__AIM OF THE TASK__
Your task is to output the listing exactly, leaving every image out.
━━━ DATASET CONTENT
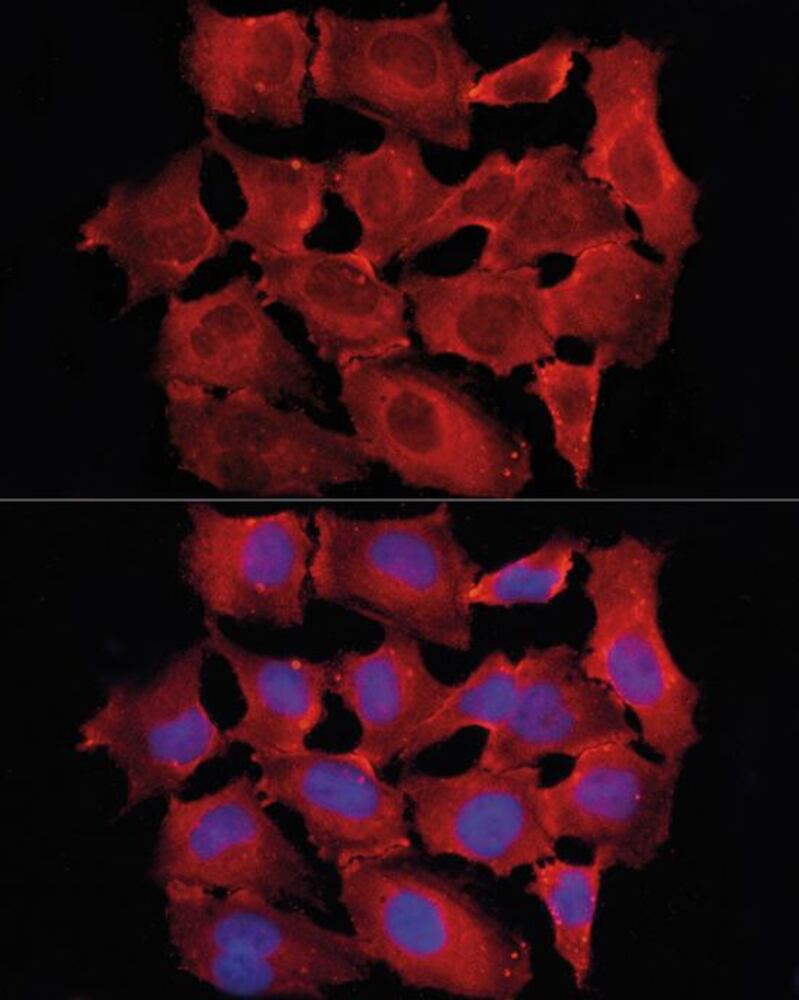 Anti-TRAF6 Antibody, Density (D) 1 g/cm³, Storage temp. +4 °C - Luminix Health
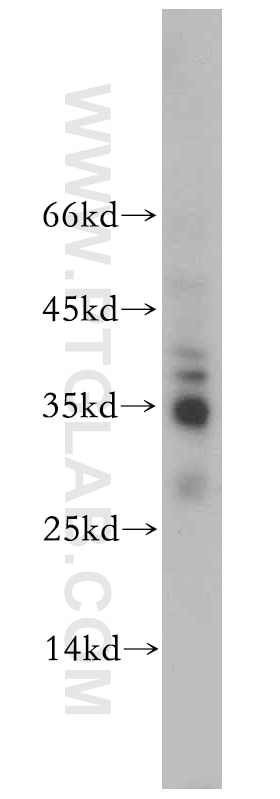 Western Blot (WB) analysis of mouse testis tissue using SFRS2 Polyclonal antibody (20371-1-AP)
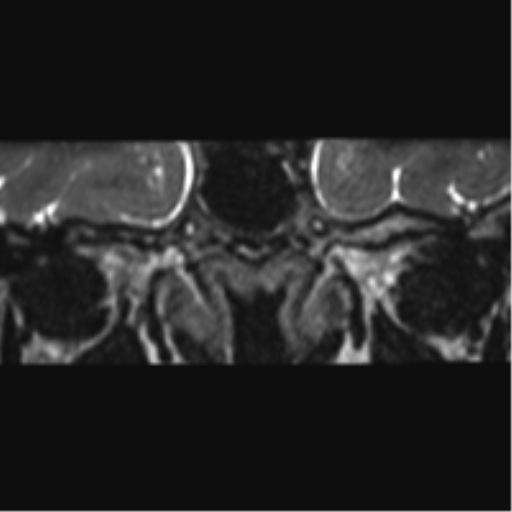 Cerebellopontine angle meningioma (Radiopaedia 48434-53348 Coronal T2 80).png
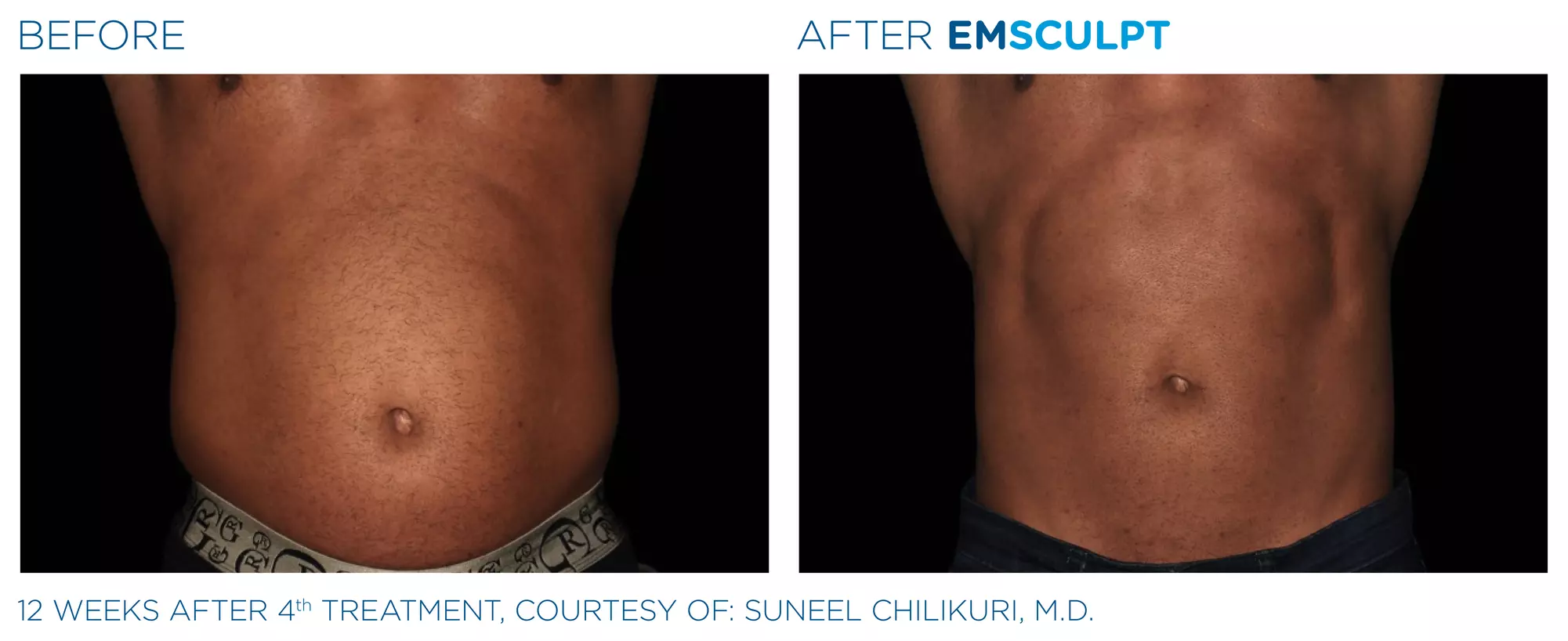 Strengthen & Tone Your Body with Two, Four, or Six Emsculpt Sessions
━━━━━━
__WRITTEN ANSWER__
 Anti-TRAF6 Antibody, Density (D) 1 g/cm³, Storage temp. +4 °C - Luminix Health
 Western Blot (WB) analysis of mouse testis tissue using SFRS2 Polyclonal antibody (20371-1-AP)
 Cerebellopontine angle meningioma (Radiopaedia 48434-53348 Coronal T2 80).png
 Strengthen & Tone Your Body with Two, Four, or Six Emsculpt Sessions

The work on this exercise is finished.